WORK REQUEST: Since the copy must match the original, write out each record word for word, skipping only the pictures.
##### RECORDS SHOWN #####
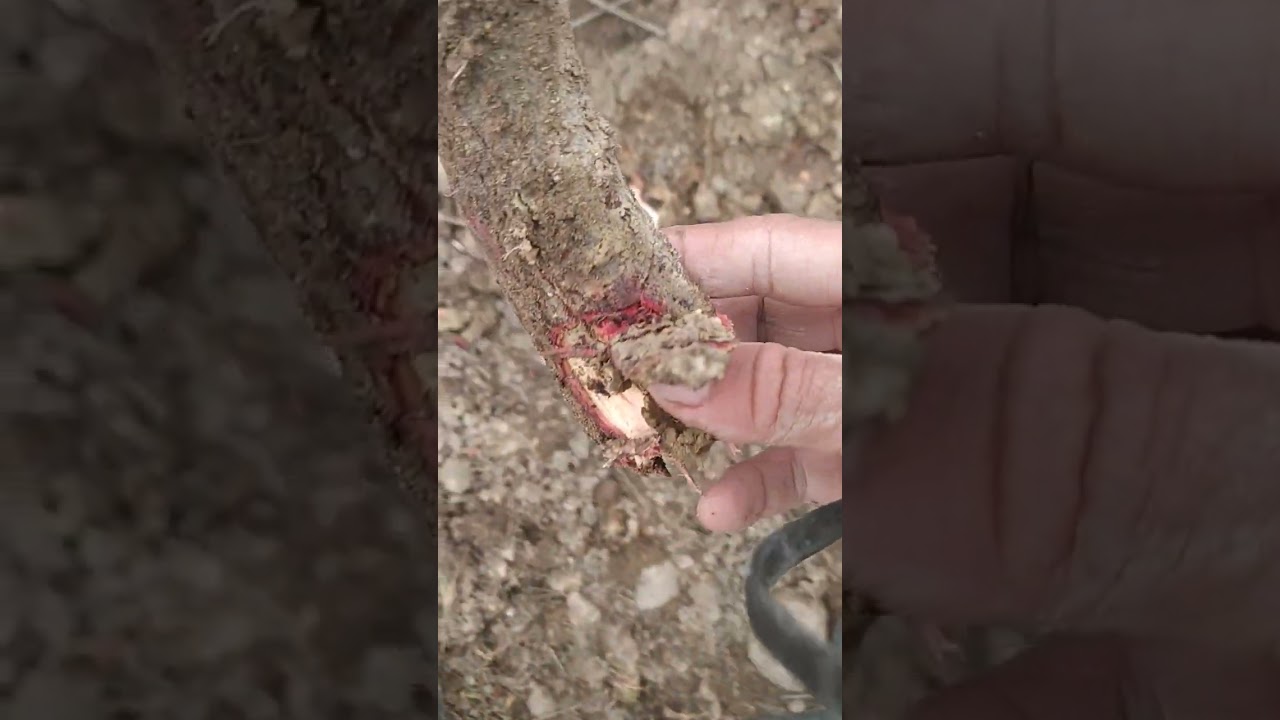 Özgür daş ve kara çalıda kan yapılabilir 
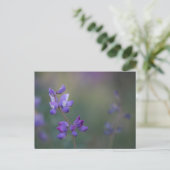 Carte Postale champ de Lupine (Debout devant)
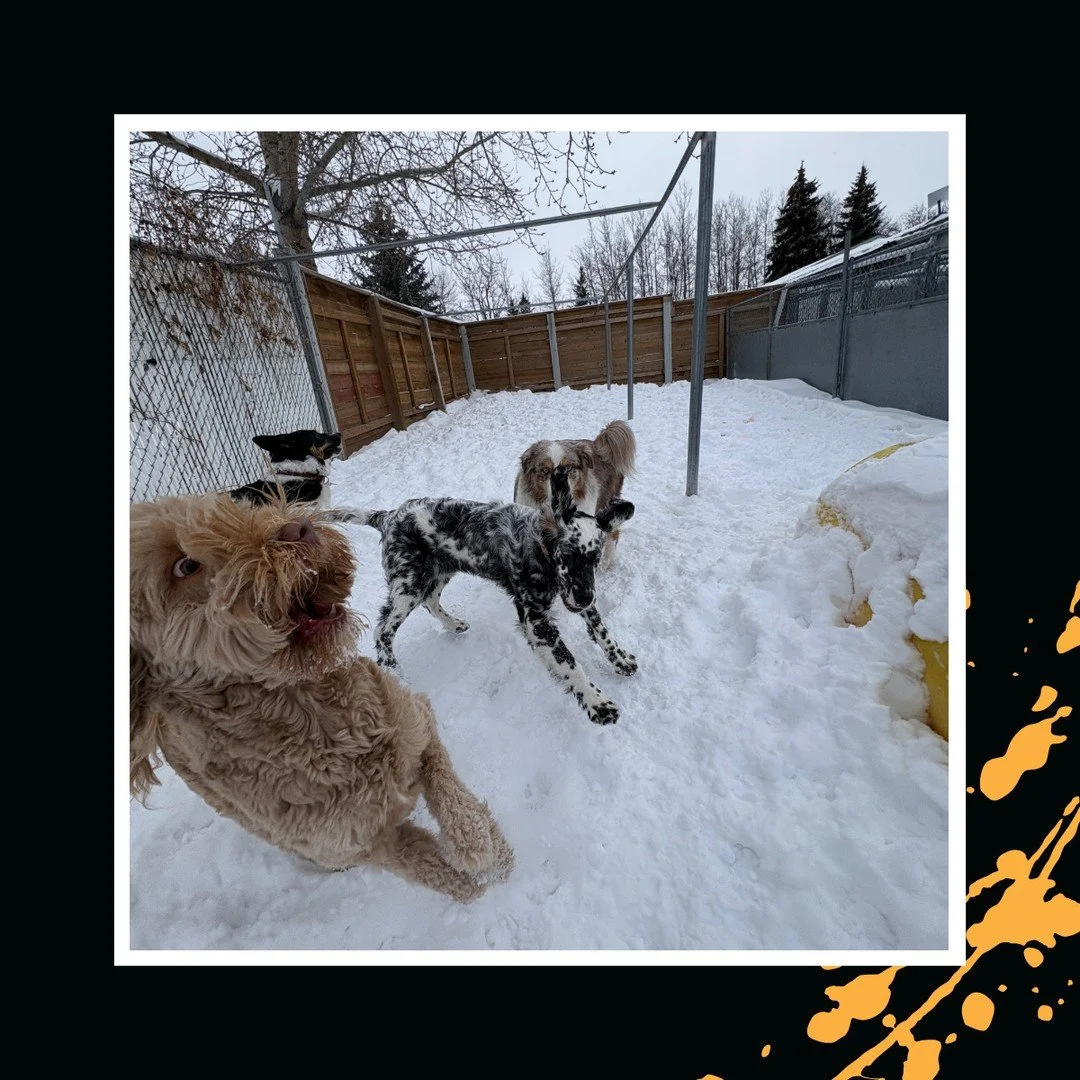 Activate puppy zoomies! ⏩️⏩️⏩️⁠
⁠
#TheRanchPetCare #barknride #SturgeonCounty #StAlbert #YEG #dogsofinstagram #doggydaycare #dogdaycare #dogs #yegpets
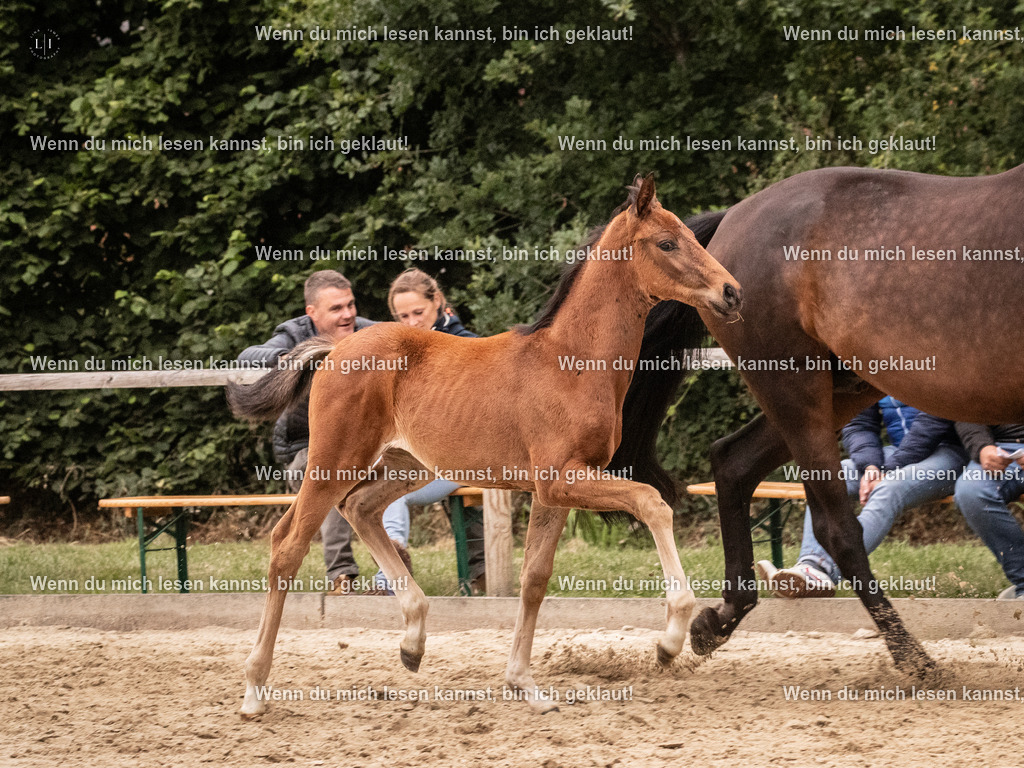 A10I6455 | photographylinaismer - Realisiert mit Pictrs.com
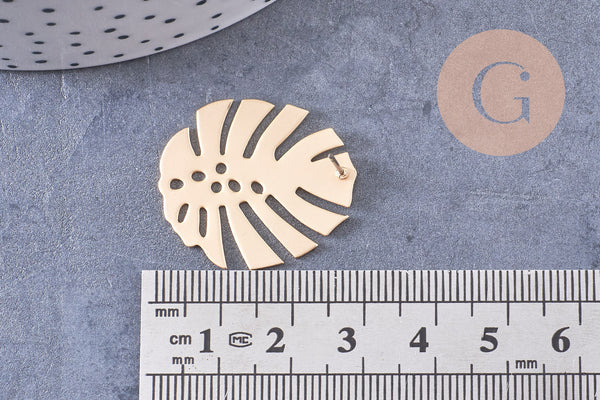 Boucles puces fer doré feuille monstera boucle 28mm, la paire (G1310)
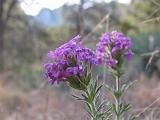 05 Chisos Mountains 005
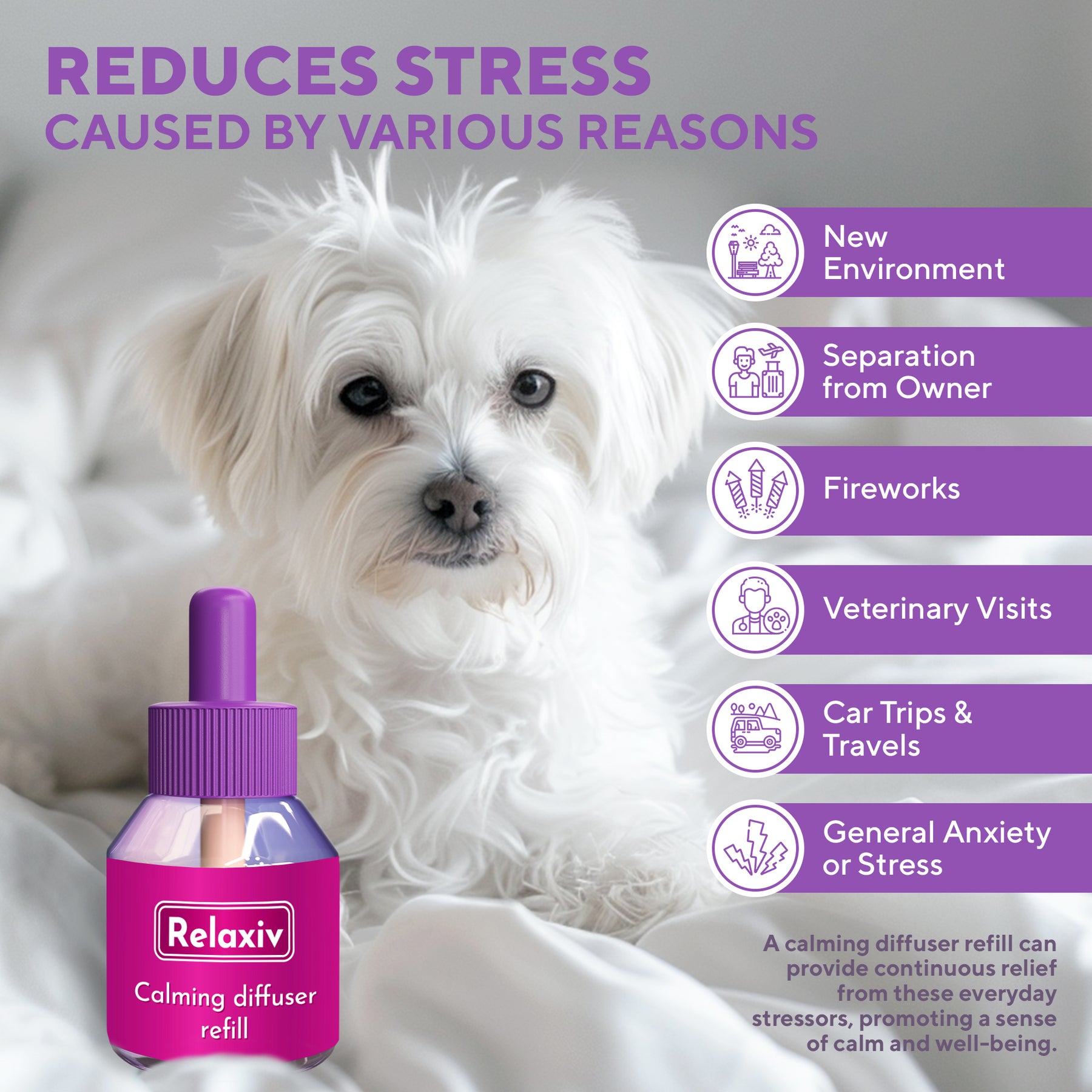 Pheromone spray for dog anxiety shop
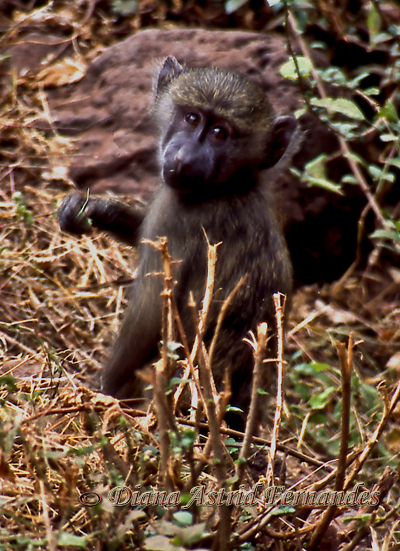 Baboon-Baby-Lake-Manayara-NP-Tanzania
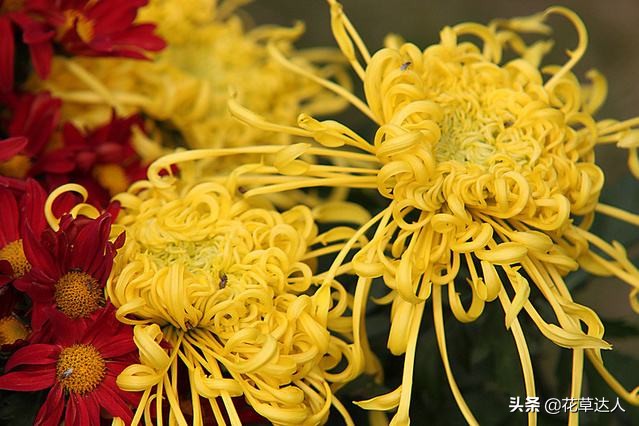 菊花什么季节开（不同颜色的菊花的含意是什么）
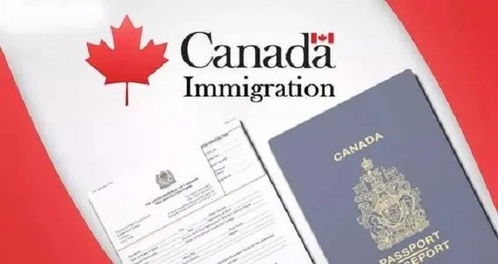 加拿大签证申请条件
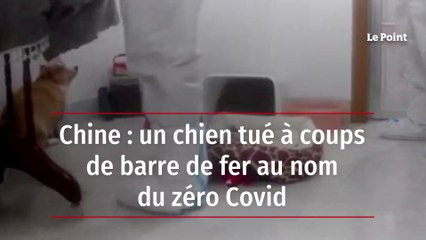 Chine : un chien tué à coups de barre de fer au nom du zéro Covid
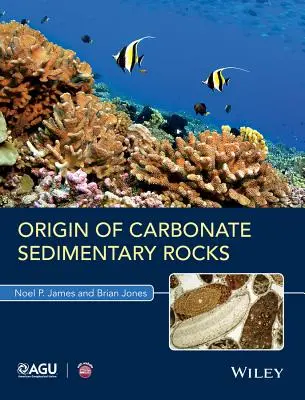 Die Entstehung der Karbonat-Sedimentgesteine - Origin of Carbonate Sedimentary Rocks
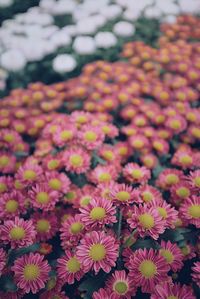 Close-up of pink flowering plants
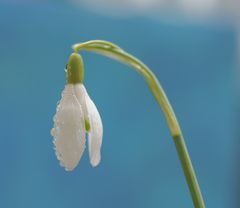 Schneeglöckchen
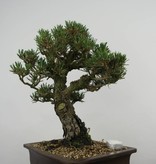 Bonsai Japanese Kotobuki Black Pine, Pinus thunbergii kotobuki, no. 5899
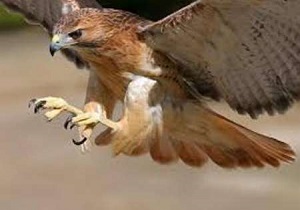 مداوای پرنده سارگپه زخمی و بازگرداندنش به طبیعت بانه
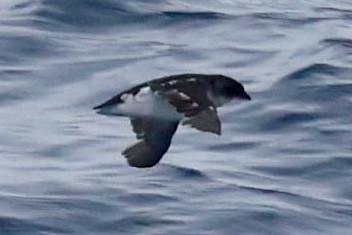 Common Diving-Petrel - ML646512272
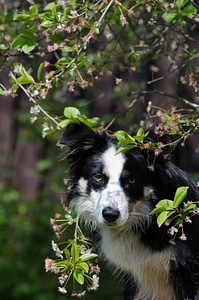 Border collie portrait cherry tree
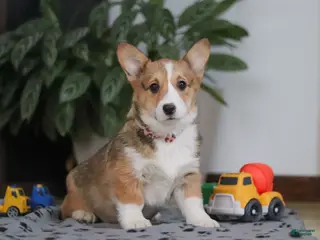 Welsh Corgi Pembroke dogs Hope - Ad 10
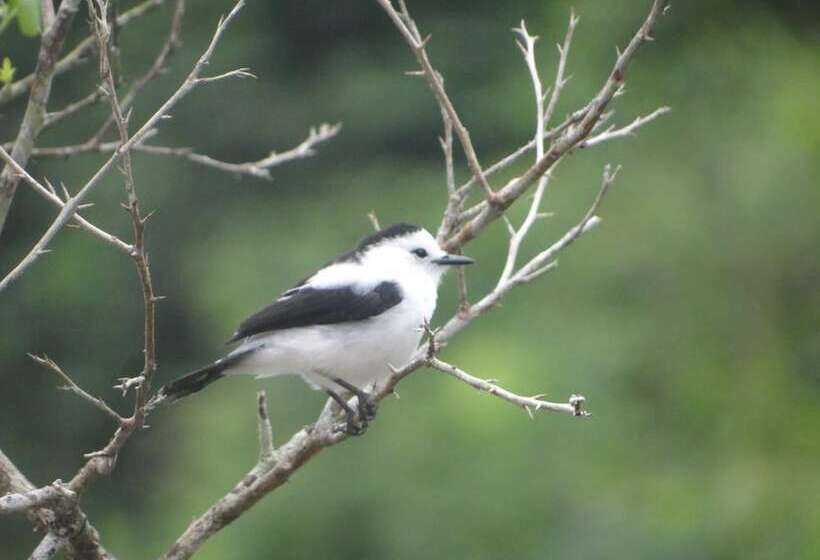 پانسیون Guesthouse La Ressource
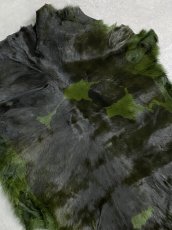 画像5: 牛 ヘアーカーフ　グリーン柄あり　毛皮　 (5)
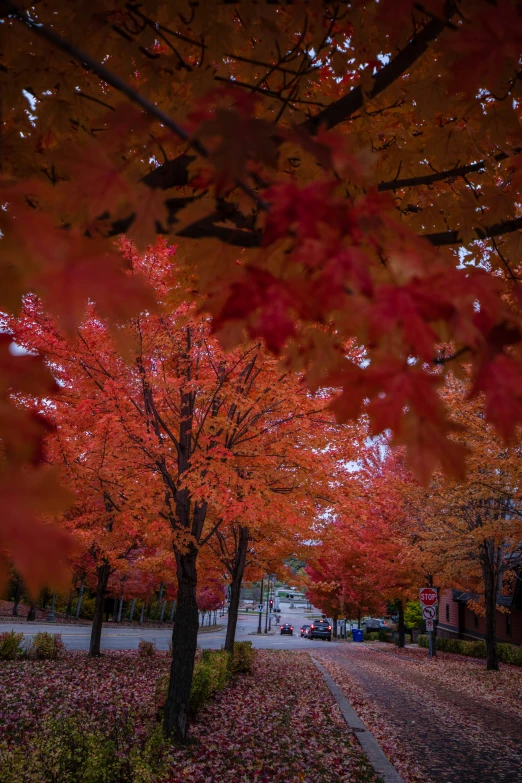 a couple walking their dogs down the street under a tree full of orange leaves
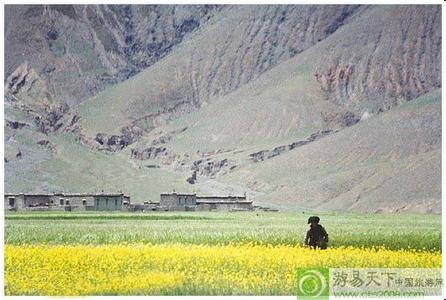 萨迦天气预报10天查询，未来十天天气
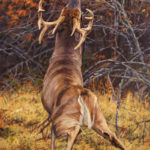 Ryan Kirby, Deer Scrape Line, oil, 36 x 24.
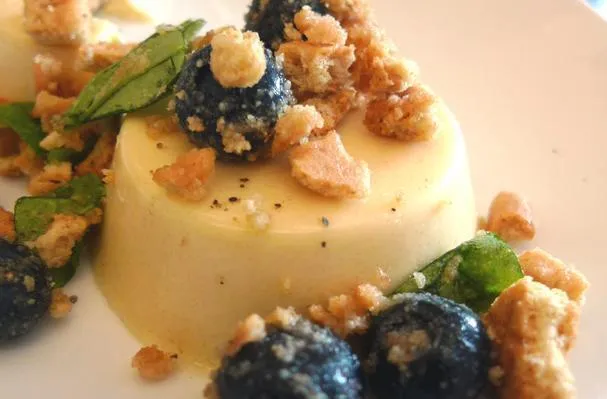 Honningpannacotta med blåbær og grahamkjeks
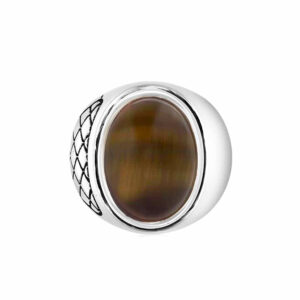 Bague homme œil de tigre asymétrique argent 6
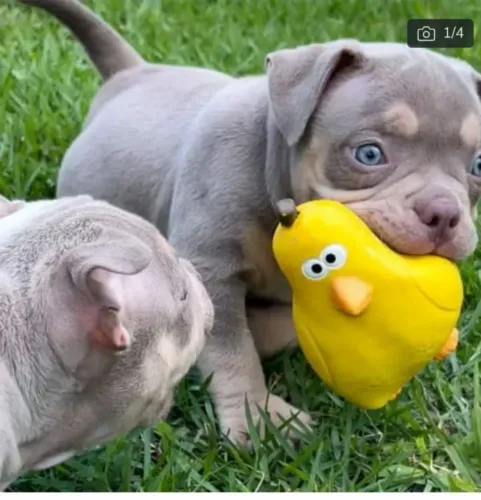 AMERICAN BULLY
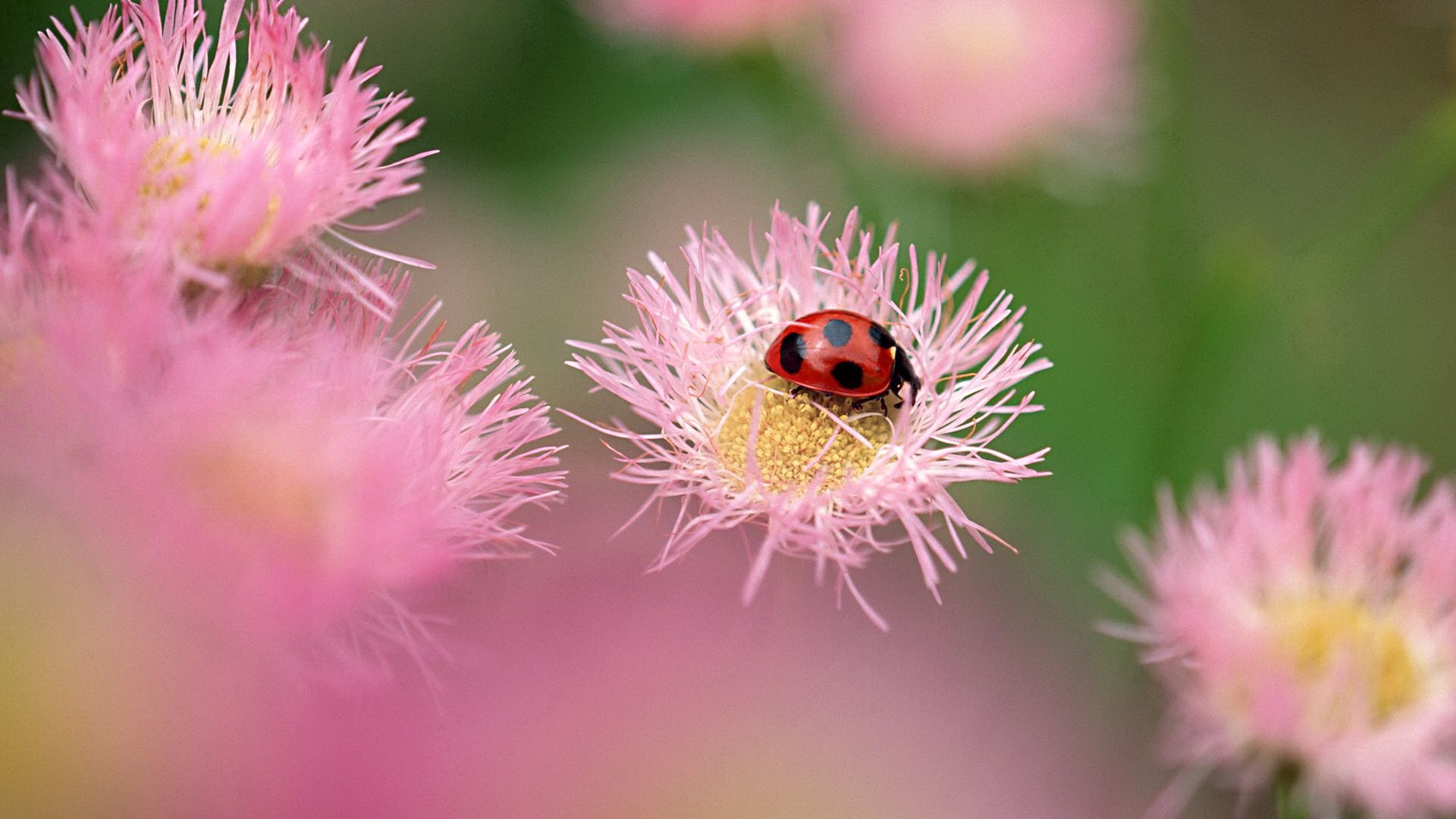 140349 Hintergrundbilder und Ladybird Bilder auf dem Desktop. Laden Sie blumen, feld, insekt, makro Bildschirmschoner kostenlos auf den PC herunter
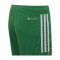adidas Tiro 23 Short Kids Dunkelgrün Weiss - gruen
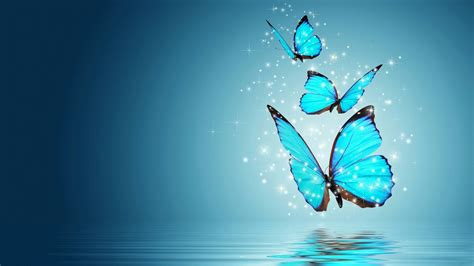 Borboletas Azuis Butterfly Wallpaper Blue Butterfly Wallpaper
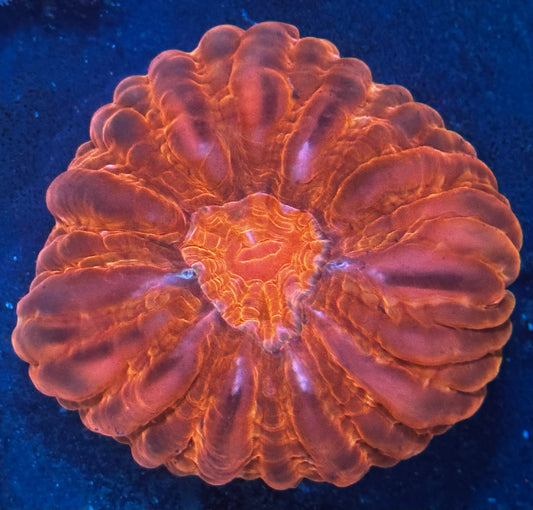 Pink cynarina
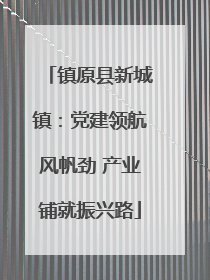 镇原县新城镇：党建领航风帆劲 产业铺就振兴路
#####
OUTPUT OF THE TASK:
 Özgür daş ve kara çalıda kan yapılabilir 
 Carte Postale champ de Lupine (Debout devant)
 Activate puppy zoomies! ⏩️⏩️⏩️⁠
⁠
#TheRanchPetCare #barknride #SturgeonCounty #StAlbert #YEG #dogsofinstagram #doggydaycare #dogdaycare #dogs #yegpets
 A10I6455 | photographylinaismer - Realisiert mit Pictrs.com
 Boucles puces fer doré feuille monstera boucle 28mm, la paire (G1310)
 05 Chisos Mountains 005
 Pheromone spray for dog anxiety shop
 Baboon-Baby-Lake-Manayara-NP-Tanzania
 菊花什么季节开（不同颜色的菊花的含意是什么）
 加拿大签证申请条件
 Chine : un chien tué à coups de barre de fer au nom du zéro Covid
 Die Entstehung der Karbonat-Sedimentgesteine - Origin of Carbonate Sedimentary Rocks
 Close-up of pink flowering plants
 Schneeglöckchen
 Bonsai Japanese Kotobuki Black Pine, Pinus thunbergii kotobuki, no. 5899
 مداوای پرنده سارگپه زخمی و بازگرداندنش به طبیعت بانه
 Common Diving-Petrel - ML646512272
 Border collie portrait cherry tree
 Welsh Corgi Pembroke dogs Hope - Ad 10
 پانسیون Guesthouse La Ressource
 画像5: 牛 ヘアーカーフ　グリーン柄あり　毛皮　 (5)
 a couple walking their dogs down the street under a tree full of orange leaves
 萨迦天气预报10天查询，未来十天天气
 Ryan Kirby, Deer Scrape Line, oil, 36 x 24.
 Honningpannacotta med blåbær og grahamkjeks
 Bague homme œil de tigre asymétrique argent 6
 AMERICAN BULLY
 140349 Hintergrundbilder und Ladybird Bilder auf dem Desktop. Laden Sie blumen, feld, insekt, makro Bildschirmschoner kostenlos auf den PC herunter
adidas Tiro 23 Short Kids Dunkelgrün Weiss - gruen
 Borboletas Azuis Butterfly Wallpaper Blue Butterfly Wallpaper
 Pink cynarina
 镇原县新城镇：党建领航风帆劲 产业铺就振兴路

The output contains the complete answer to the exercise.